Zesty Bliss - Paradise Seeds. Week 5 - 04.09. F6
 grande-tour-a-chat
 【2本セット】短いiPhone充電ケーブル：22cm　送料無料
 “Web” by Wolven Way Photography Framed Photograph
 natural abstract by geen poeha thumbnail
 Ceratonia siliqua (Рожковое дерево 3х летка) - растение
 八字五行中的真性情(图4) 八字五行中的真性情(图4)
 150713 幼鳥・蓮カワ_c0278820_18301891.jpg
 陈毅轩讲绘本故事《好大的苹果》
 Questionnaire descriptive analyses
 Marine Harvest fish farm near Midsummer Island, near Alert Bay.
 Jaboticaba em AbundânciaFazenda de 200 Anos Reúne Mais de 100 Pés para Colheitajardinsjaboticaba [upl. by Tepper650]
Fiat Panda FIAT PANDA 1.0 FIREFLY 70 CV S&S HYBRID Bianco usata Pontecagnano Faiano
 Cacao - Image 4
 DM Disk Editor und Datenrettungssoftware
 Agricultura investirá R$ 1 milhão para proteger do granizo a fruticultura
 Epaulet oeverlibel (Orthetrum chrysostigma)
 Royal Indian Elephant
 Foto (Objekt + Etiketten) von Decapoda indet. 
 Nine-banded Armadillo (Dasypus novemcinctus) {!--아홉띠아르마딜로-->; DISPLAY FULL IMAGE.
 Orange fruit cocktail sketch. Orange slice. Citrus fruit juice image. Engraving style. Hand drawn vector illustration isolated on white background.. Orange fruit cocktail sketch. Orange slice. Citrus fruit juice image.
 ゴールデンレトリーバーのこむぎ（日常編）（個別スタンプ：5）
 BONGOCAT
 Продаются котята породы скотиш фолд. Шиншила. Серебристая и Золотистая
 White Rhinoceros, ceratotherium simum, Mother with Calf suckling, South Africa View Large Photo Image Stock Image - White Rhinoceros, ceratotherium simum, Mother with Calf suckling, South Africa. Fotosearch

## The problem
Lines from the first one above through the line containing "Questionnaire descriptive analyses" are to be retyped exactly, both included, and nothing more.

## Response
Zesty Bliss - Paradise Seeds. Week 5 - 04.09. F6
 grande-tour-a-chat
 【2本セット】短いiPhone充電ケーブル：22cm　送料無料
 “Web” by Wolven Way Photography Framed Photograph
 natural abstract by geen poeha thumbnail
 Ceratonia siliqua (Рожковое дерево 3х летка) - растение
 八字五行中的真性情(图4) 八字五行中的真性情(图4)
 150713 幼鳥・蓮カワ_c0278820_18301891.jpg
 陈毅轩讲绘本故事《好大的苹果》
 Questionnaire descriptive analyses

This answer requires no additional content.